All that is needed is the lines from the one containing "Welcome to Linux" through the end of the listing, printed exactly, with no pictures among them.

==== Information provided

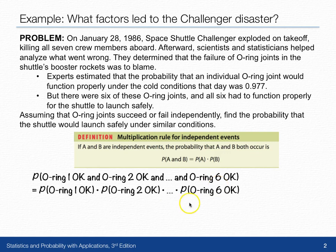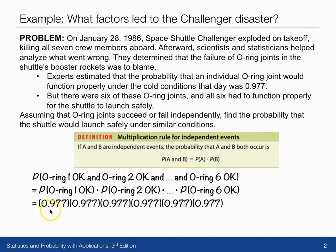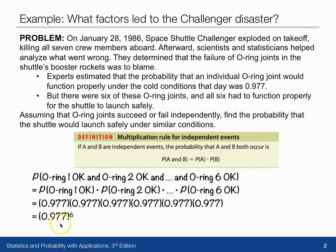In other words, we need to multiply the probability the first O-ring is okay, times the probability the second ring is okay, all the way to the probability that the sixth O-ring is okay. Each probability was 0.977, so the probability of a safe launch will be 0.977 times 0.977, six times total, or 0.977 to the sixth power. Our probability of a safe launch — one in which all six O-rings function properly — is 0.87.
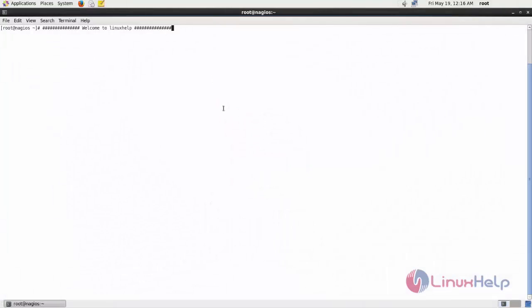Welcome to Linux F tutorial. In this video we are going to see how to install Nagios latest version 4.3.2 on CentOS. As you know, Nagios is a free and open source monitoring software which can monitor your servers and network components like switches and routers. In this video I am going to show you how to install Nagios by compiling from its source code.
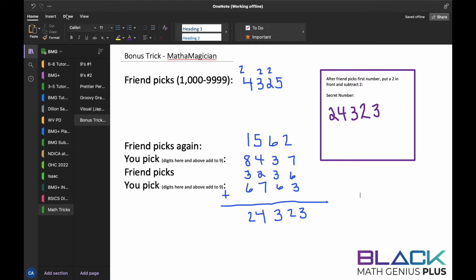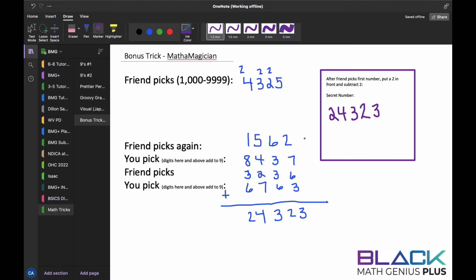So you pick a number based on what your friend picked, where these digits add to nine — a sum of nine. Then you can have your friend pick another number randomly, let's say 3236. Do the same thing — this is using the power of the magic that happens with nines. You pick a number to make sure that these digits here add to nine.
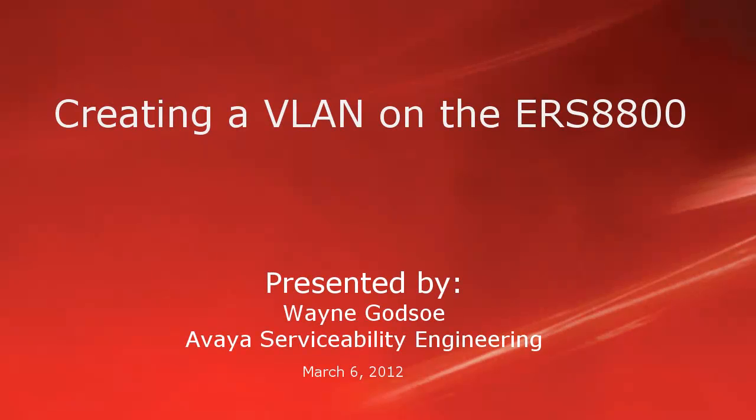Hello, my name is Wayne Godso with the Avaya Serviceability Engineering Team. This tech tip will cover the process of configuring a port-based VLAN on the ERS 8800.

========

Exercise result:
Welcome to Linux F tutorial. In this video we are going to see how to install Nagios latest version 4.3.2 on CentOS. As you know, Nagios is a free and open source monitoring software which can monitor your servers and network components like switches and routers. In this video I am going to show you how to install Nagios by compiling from its source code.
So you pick a number based on what your friend picked, where these digits add to nine — a sum of nine. Then you can have your friend pick another number randomly, let's say 3236. Do the same thing — this is using the power of the magic that happens with nines. You pick a number to make sure that these digits here add to nine.
Hello, my name is Wayne Godso with the Avaya Serviceability Engineering Team. This tech tip will cover the process of configuring a port-based VLAN on the ERS 8800.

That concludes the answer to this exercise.